Using GPU

Data Flow supports fully managed GPU based Spark for speeding up and unifying the Data and AI ML pipeline.

NVIDIA's Spark RAPIDS accelerator transparently speeds up ETL on Data Flow and optimizes the price-performance. Run existing Data Flow Spark applications on GPU with zero code changes to reap the benefits of NVIDIA RAPIDS acceleration.

Prerequisite

The minimum Spark version to run GPU shapes on Data Flow is Spark 3.2.1. If you're interested in using GPU shapes on Data Flow, file a service request for Oracle Cloud Infrastructure Data Flow. Indicate the GPU shape you're interested in and provide your use case. This information is used for completing the necessary limit and quota increase for your tenancy.

Supported Shapes

  • VM.GPU.A10: X9-based GPU compute.
    • GPU: NVIDIA A10 24 GB
    • CPU: Intel Xeon Platinum 8358. Base frequency 2.6 GHz, max turbo frequency 3.4 GHz.
Supported GPU Shapes
Shape Number of OCPUs GPU Memory (GB) CPU Memory (GB) Block Storage (GB) Maximum Network Bandwidth (Gbps) Maximum Total Number of VNICs (Linux)
VM.GPU.A10.1 (GPU: 1xA10 15 24 240 1575 24 15
VM.GPU.A10.2 (GPU: 2xA10) 30 48 480 3075 48 24

For more information, see the: Compute documentation.

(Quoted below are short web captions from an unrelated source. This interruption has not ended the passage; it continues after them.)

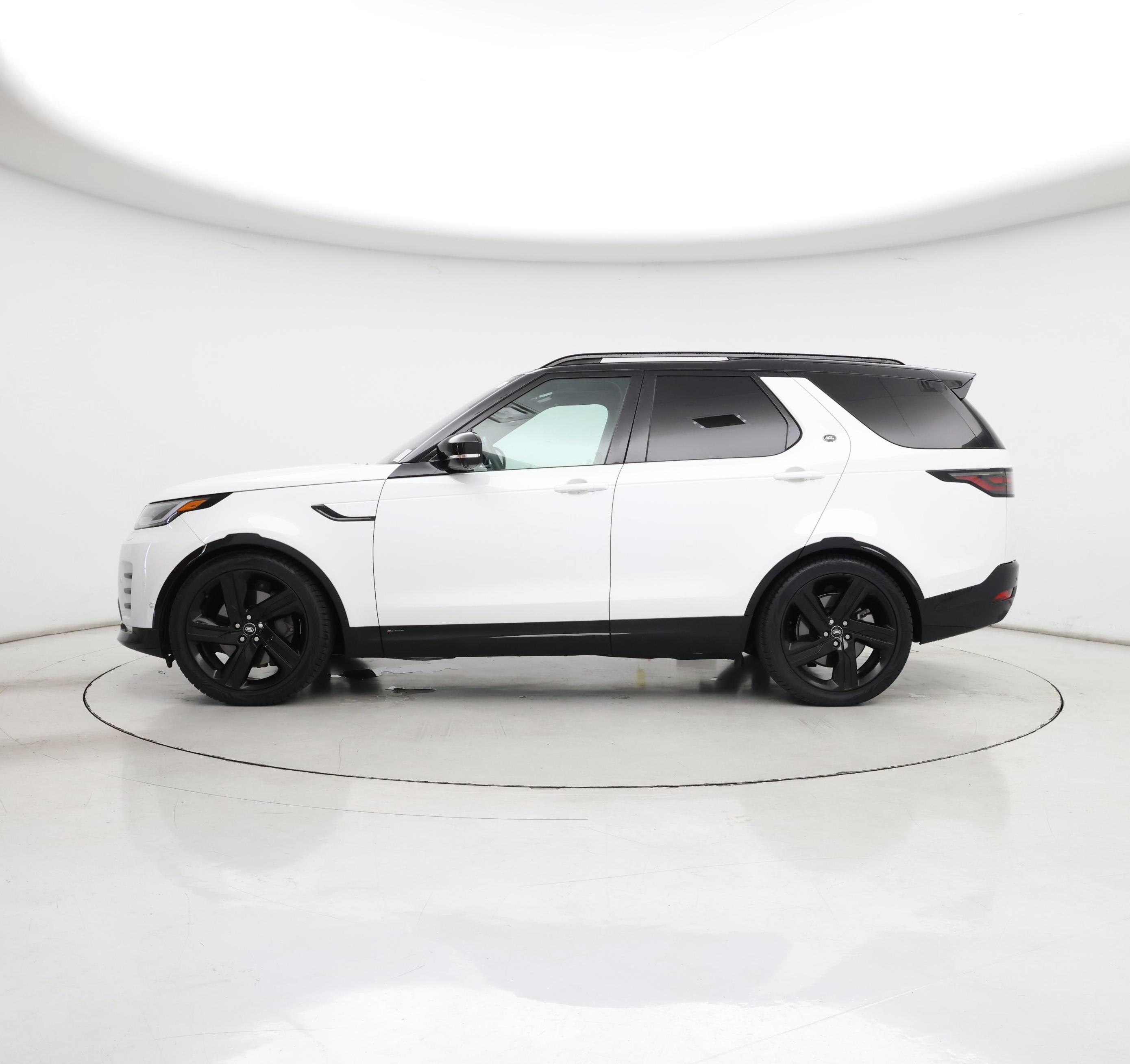 Thumbnail: 2022 Land Rover Discovery - 3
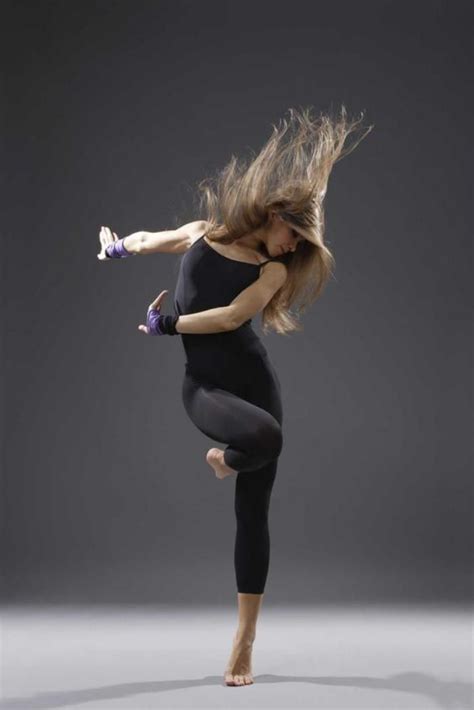 La Magie De La Danse Contemporaine En Photos Dance Photography Dance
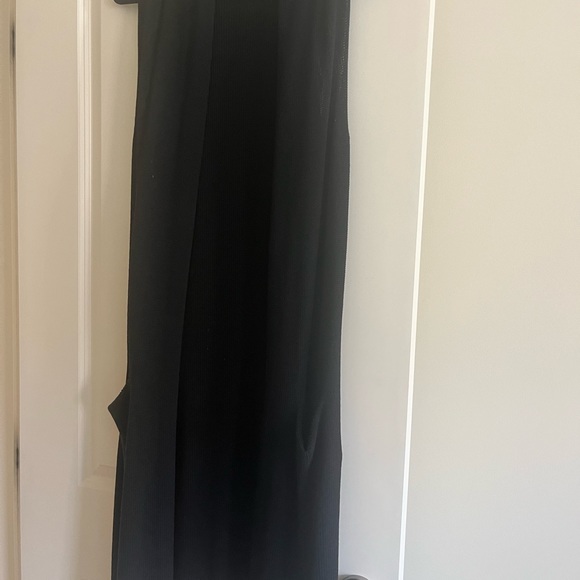 Aritzia Wilfred Dunkirk Black Sweater Vest Small - Picture 3 of 4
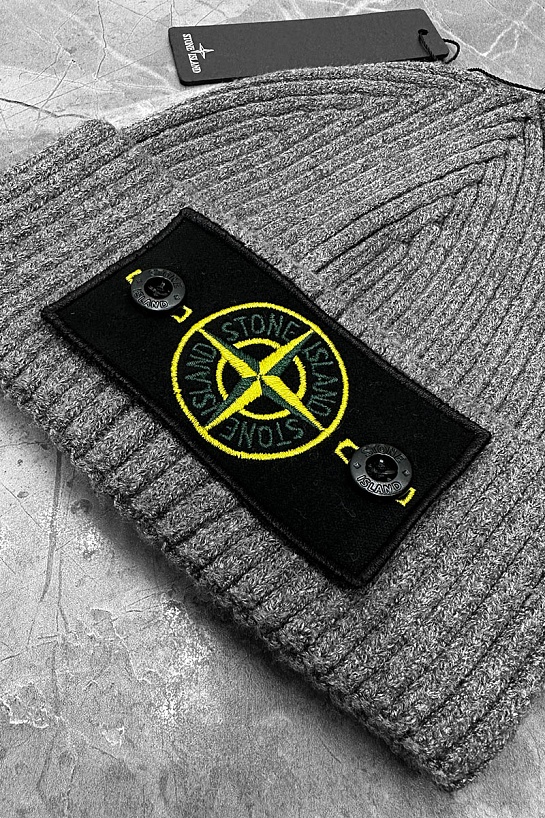Шапка серого цвета Stone Island compass patch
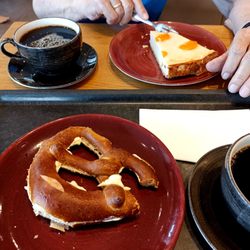Café B - Käsekuchen, Butterbrezel, zweites Frühstück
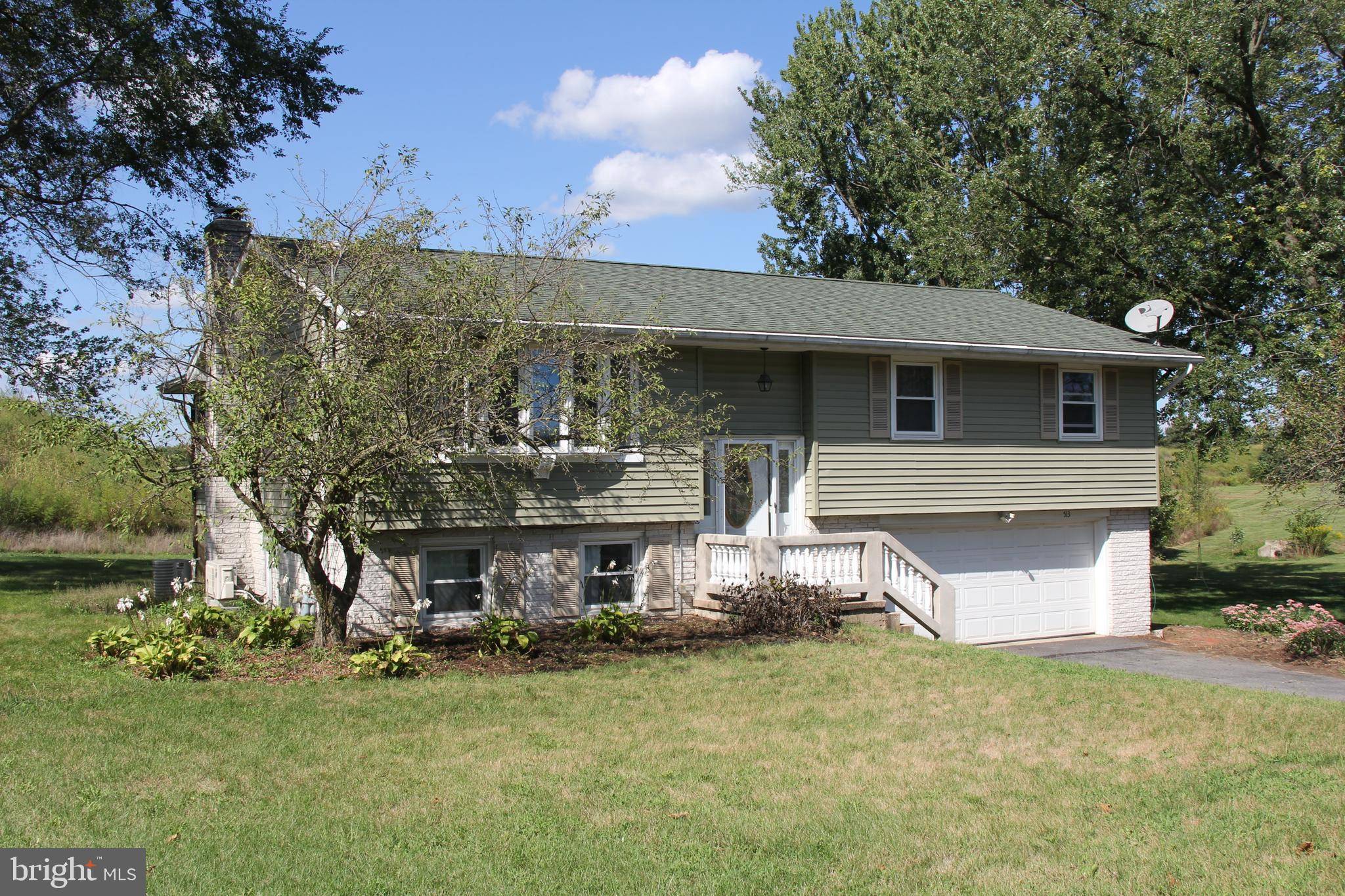 Lancaster, PA 17601,513 WILLOW LN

Getting Started with GPU Shapes for Spark on Data Flow

When creating an application or run, select the appropriate GPU shape for the drivers and executors. Data Flow preconfigures GPUs for drivers and executors using Apache Spark's resource-aware scheduling. Configure the application using the Spark-submit options.
Note

When you mix and match CPU and GPU shapes of different architectures for your driver and executors, ensure that the application and all dependencies are architecture-agnostic.
Here are two examples of spark-submit compatible commands for enabling GPU:
Using --jars and --conf options
This Spark-submit-compatible command uses the included NVIDIA RAPIDS accelerator for Apache Spark:
oci --profile <cli-profile> --auth security_token data-flow run submit  \
--compartment-id <compartment-id> \
--execute "--jars oci://dataflow_sample_apps@bigdatadatasciencelarge/rapids-4-spark_2.12-23.06.0.jar \
--driver-shape "VM.GPU.A10.1" \
--executor-shape "VM.GPU.A10.1" \
--num-executors 1
--spark-version "3.2.1" \
--conf spark.rapids.sql.explain=ALL \
--conf spark.plugins=com.nvidia.spark.SQLPlugin \
--class com.oracle.oci.dataflow.samples.DataFlowJavaSample \

oci://dataflow_sample_apps@bigdatadatasciencelarge/dataflow-java-sample-1.0-SNAPSHOT.jar"
Using --packages and --conf options
This Spark-submit-compatible command pulls the latest NVIDIA RAPIDS accelerator for Apache Spark from the Maven repository:
oci --profile <cli-profile> --auth security_token data-flow run submit \
--compartment-id <compartment-id> \
--driver-shape "VM.GPU.A10.1" \
--executor-shape "VM.GPU.A10.1" \
--num-executors 1 \
--spark-version "3.2.1" \
--execute "--packages com.nvidia:rapids-4-spark_2.12-23.06.0 \
--conf spark.rapids.sql.explain=ALL
--conf spark.plugins=com.nvidia.spark.SQLPlugin \
--class com.oracle.oci.dataflow.samples.DataFlowJavaSample

oci://dataflow_sample_apps@bigdatadatasciencelarge/dataflow-java-sample-1.0-SNAPSHOT.jar"

For the latest Spark RAPIDS version, check NVIDIA Spark RAPIDS download version. For more tuning options, see the RAPIDS Accelerator for Apache Spark Tuning Guide.

NVIDIA's Spark RAPIDS accelerator can transparently speed-up ETL on OCI Data Flow and optimize the price-performance. You can run existing Data Flow Spark applications on GPUs with zero code changes to reap the benefits of NVIDIA RAPIDS acceleration.

When using NVIDIA's Spark RAPIDS accelerator for the GPU runs on Data Flow, the Spark UI shows any CPU operations replaced by GPU operations with a 'GPU' prefix. For example:
Figure 1. Example of GPU prefix
Example of Spark UI showing the GPU prefix instead of the CPU prefix.